If you follow MAO at all, you probably are aware of the recent minor issue surrounding current Miss America, Betty Cantrell. I won’t be posting details or links here, as I think the author in particular had an agenda when writing the piece. Total proof-texting of that lunch conversation! But, it was a good time for me to be reminded of why I do love Miss America.
I competed for four years at the state level. I finished in the top five every time and won a lot of scholarship money. Then I went on to judge, volunteer, and help run a very successful local pageant here in Iowa. And now I do this. Obviously, I support it to enough of a degree that I have been around it for about 15 years!

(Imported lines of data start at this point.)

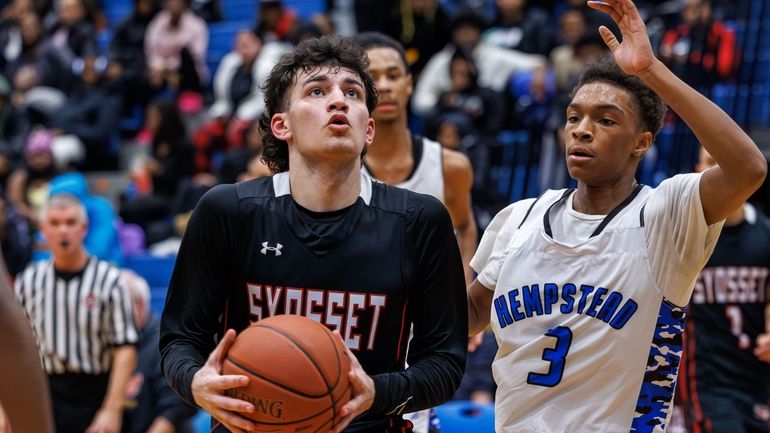 AJ AbuSaab of Syosset looks to score past Tyreek Wyllie of...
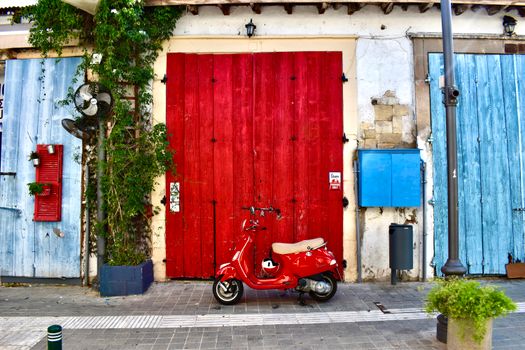 Colorful street scene in Larnaca, Cyprus, with a red scooter and wooden doors.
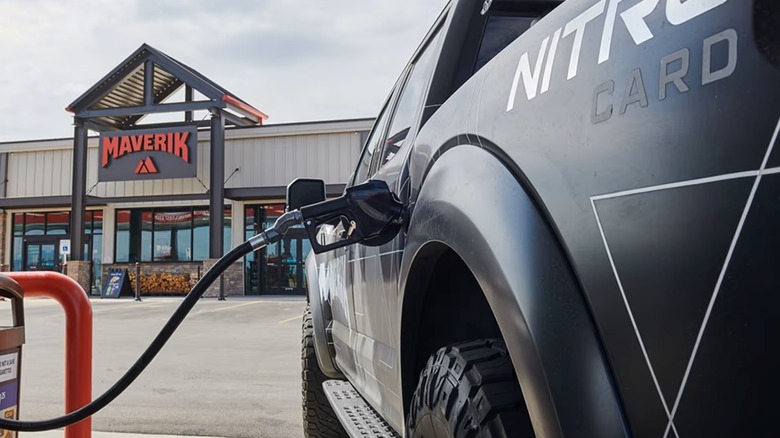 A pickup truck refueling at a Maverik gas station.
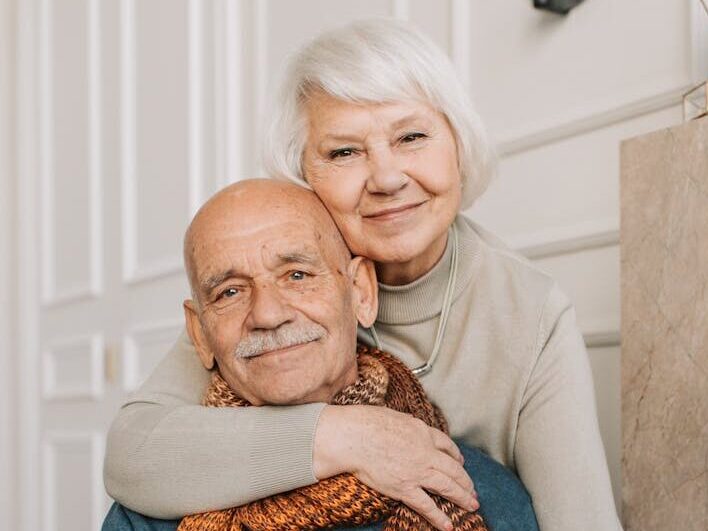 Elderly couple enjoying a warm and loving moment indoors, drinking together.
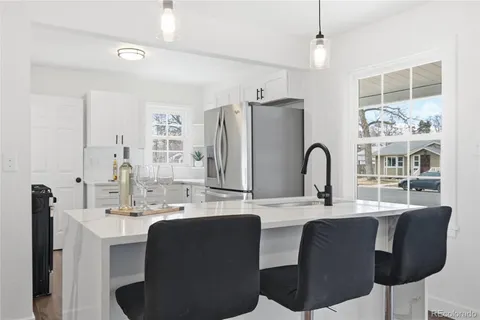 a kitchen with white cabinets stainless steel appliances and sink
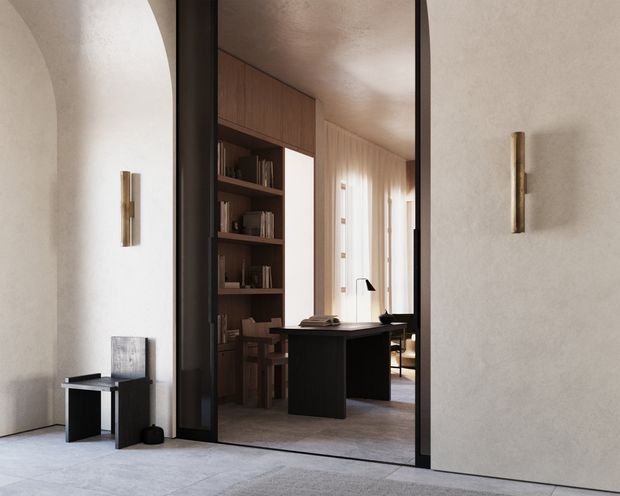 A refined interior view through a tall black-framed opening into a compact home office or study. The foreground has softly textured light plaster walls, a minimalist side table, and slim wall sconces. Beyond the opening is a warm timber built-in bookcase and cabinetry, a dark central desk, sheer curtains, and a calm neutral palette. The space feels understated, warm, and contemporary, with a high-quality minimalist fit-out.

The national organization has its issues just like any big company with many smaller branches would. I don’t love all of their policies and procedures. I think some new rules are alienating fans, volunteers, and coaches. And if you are lucky enough to actually win the title of Miss America, you are probably in for a very long, rough year – as would be the case for the national face of any well-established organization. It’s pretty rough to be the one person for an entire year representing a whole organization with as much history and prestige as Miss America.
But for any flaws or issues you can find, the value of the organization far outweighs the bad. I am part of their story. I see lives transformed every day by the tenacity and dedication young women exhibit who compete in MAO. The scholarships, service, and skills gained are life-long assets.
MAO is made at its most basic level. We all see and pay attention to the winner and higher ups, sure! But it really is about the 1,500+ contestants each year. The sisterhood and the bond. The blood, sweat, and tears from local and state volunteers. It’s in all the not-Miss-Americas that I see the greatest value in the organization. This is where the heart of Miss America lies – and I love it.